**TASK OBJECTIVE:** Word for word, restate the lines of the data below between those holding "Video: 3 semplici" and "王楚然这是人的正常皮肤，是不是磨皮看多了都不知道人脸上有纹路也会长痘了", inclusive; pictures do not belong in the copy.

**RECORDS FOR THIS EXERCISE:**
▬▬▬
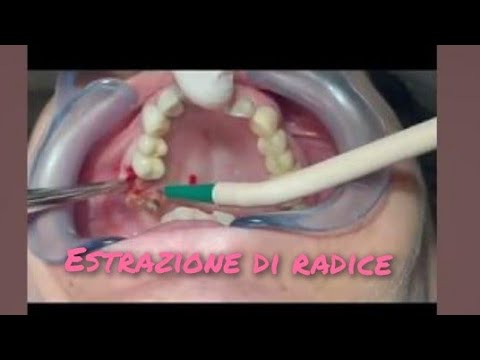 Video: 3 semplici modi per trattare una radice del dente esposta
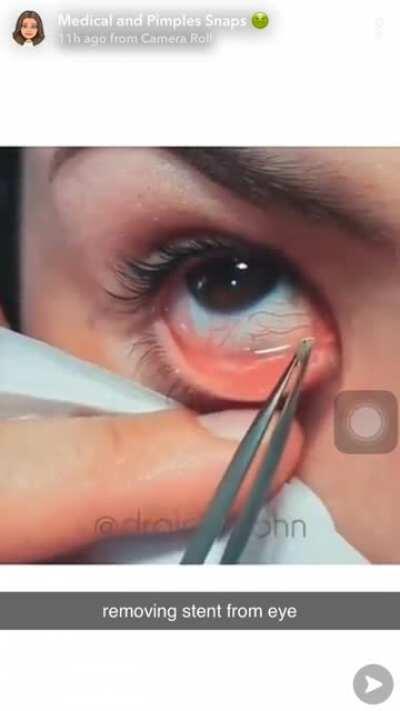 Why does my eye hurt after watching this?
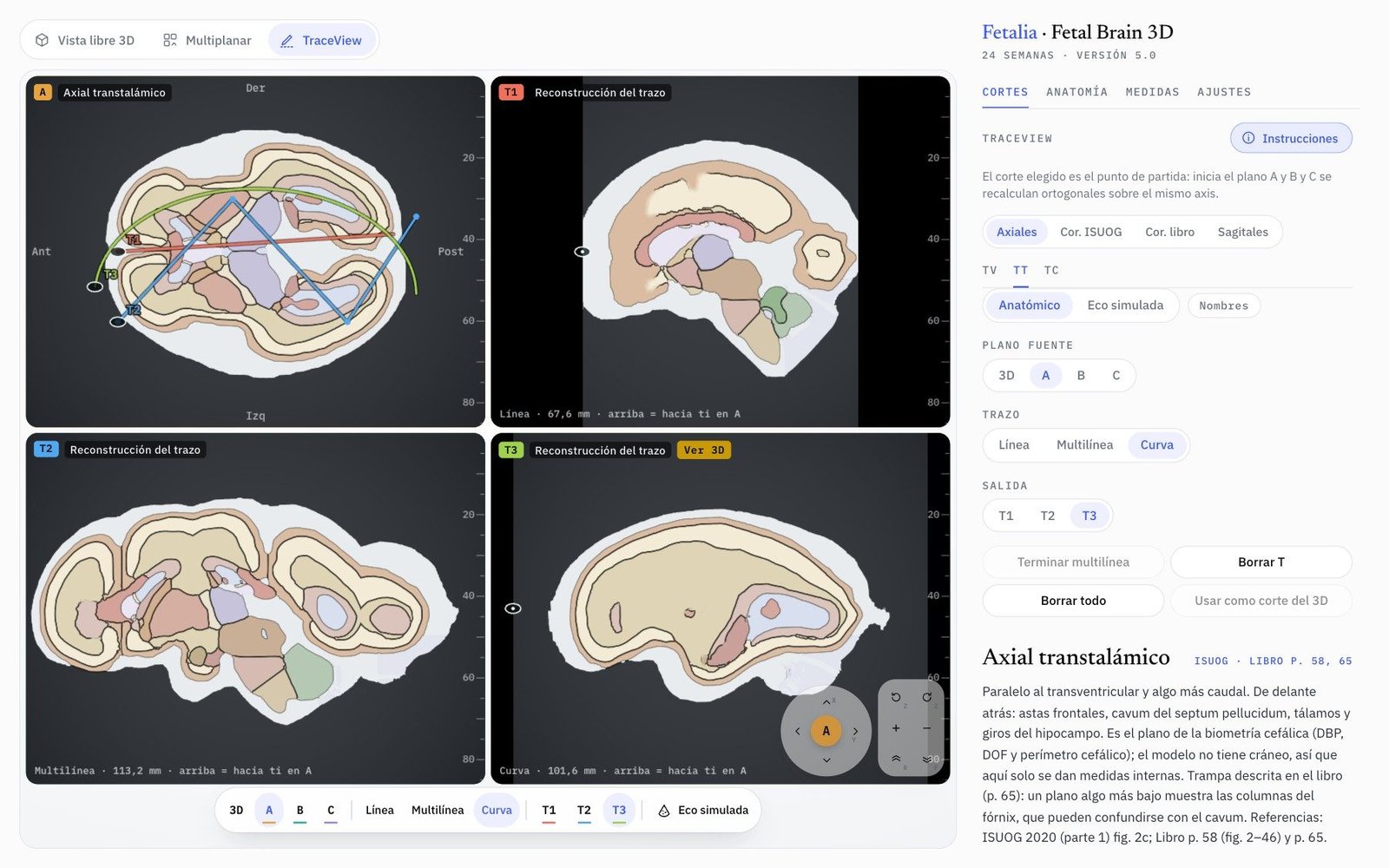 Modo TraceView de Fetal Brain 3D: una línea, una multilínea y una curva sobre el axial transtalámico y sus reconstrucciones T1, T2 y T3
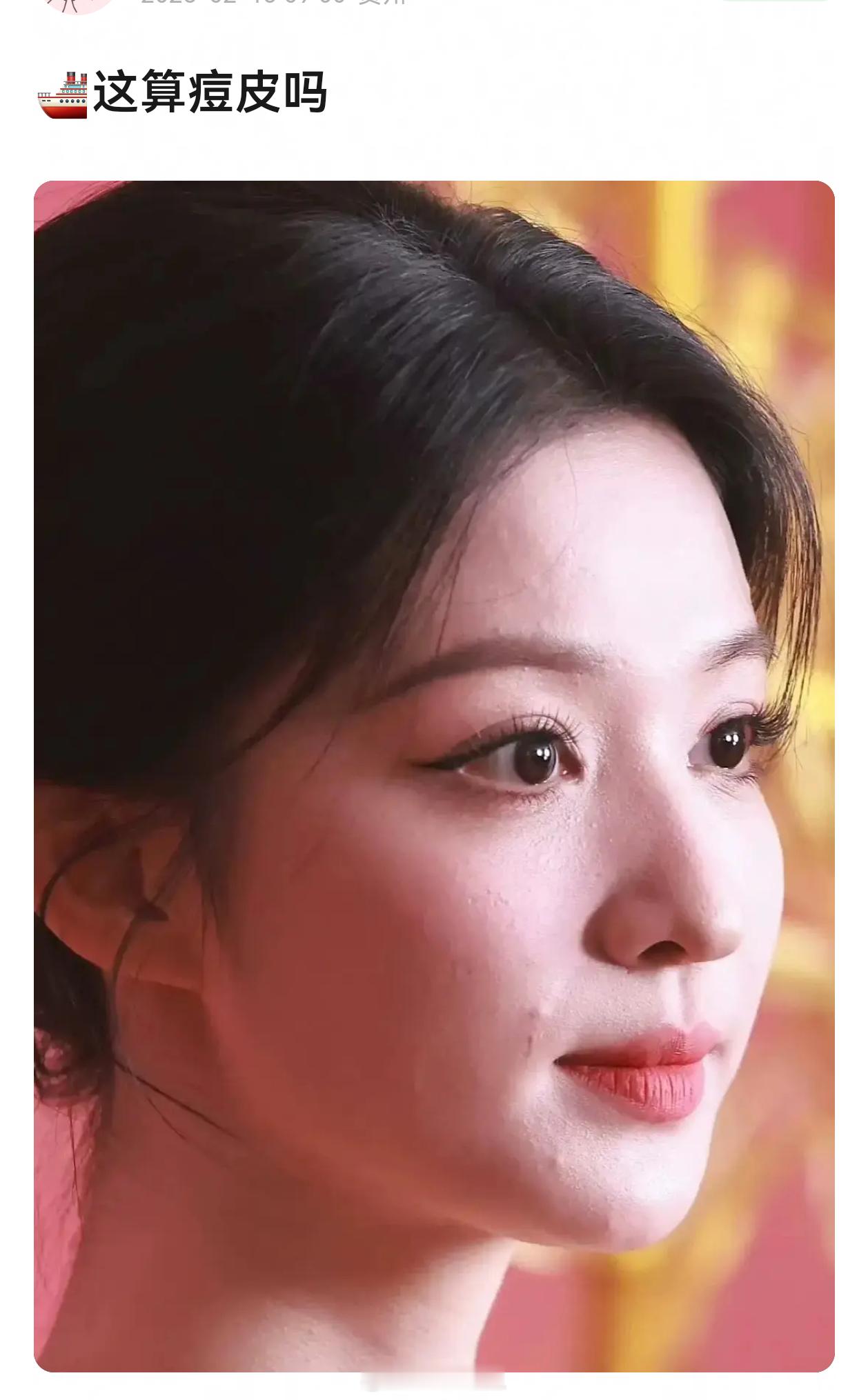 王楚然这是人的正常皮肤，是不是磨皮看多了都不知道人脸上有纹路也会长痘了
▬▬▬
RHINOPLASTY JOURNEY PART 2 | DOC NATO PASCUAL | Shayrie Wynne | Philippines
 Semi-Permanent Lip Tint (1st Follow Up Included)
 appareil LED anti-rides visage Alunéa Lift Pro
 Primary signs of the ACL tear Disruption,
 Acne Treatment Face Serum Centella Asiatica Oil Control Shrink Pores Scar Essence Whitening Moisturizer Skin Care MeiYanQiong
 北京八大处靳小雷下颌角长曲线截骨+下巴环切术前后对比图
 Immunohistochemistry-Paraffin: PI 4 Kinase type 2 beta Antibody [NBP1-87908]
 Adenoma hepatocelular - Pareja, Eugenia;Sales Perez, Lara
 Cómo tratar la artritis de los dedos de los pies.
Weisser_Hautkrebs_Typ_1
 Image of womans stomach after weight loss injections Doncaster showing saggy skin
▬▬▬
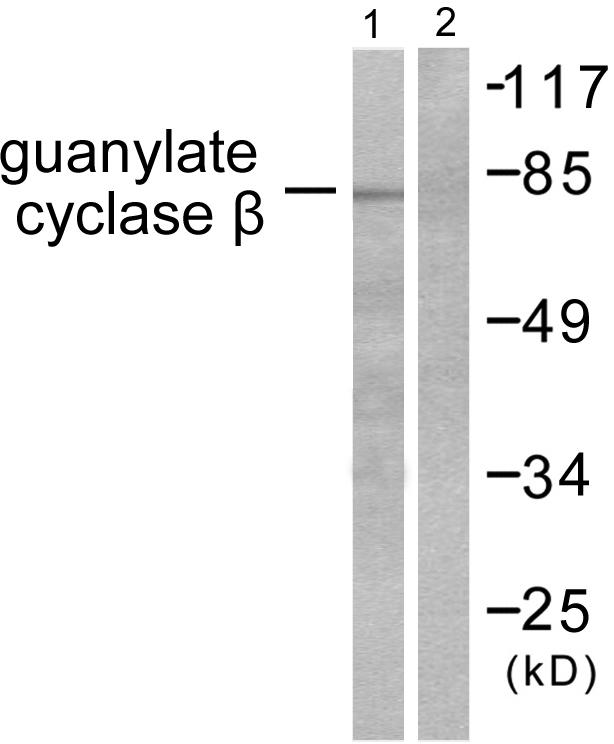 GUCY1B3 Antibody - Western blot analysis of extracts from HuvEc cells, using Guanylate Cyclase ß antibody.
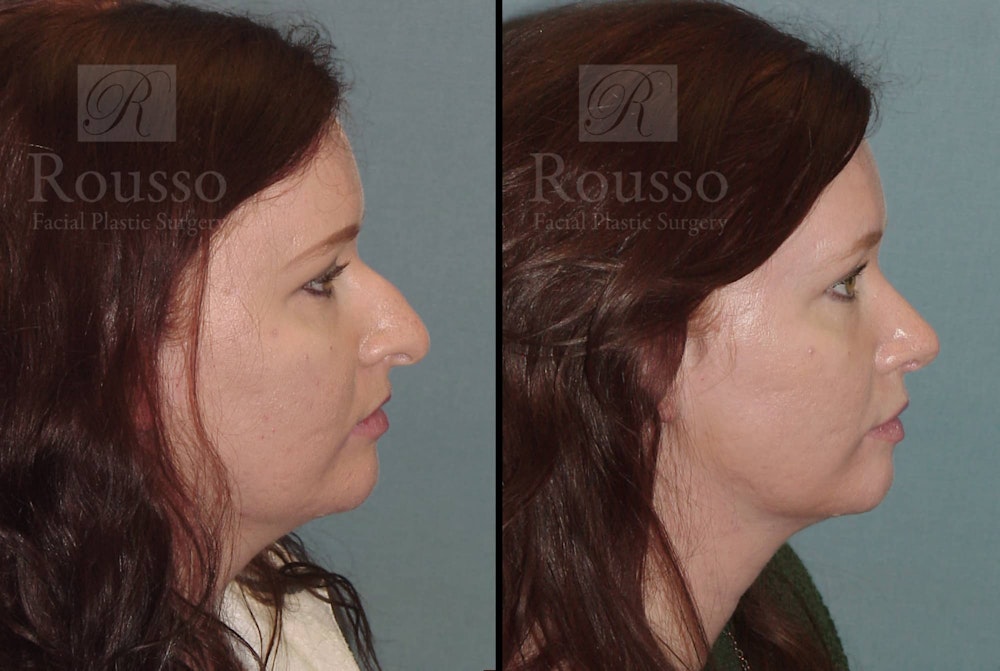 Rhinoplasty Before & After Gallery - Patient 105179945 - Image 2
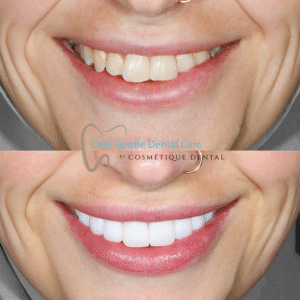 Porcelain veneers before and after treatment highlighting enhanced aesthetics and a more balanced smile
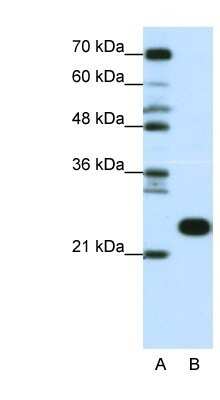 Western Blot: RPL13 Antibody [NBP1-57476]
▬▬▬
**RESULT FOR THIS TASK:**
 Video: 3 semplici modi per trattare una radice del dente esposta
 Why does my eye hurt after watching this?
 Modo TraceView de Fetal Brain 3D: una línea, una multilínea y una curva sobre el axial transtalámico y sus reconstrucciones T1, T2 y T3
 王楚然这是人的正常皮肤，是不是磨皮看多了都不知道人脸上有纹路也会长痘了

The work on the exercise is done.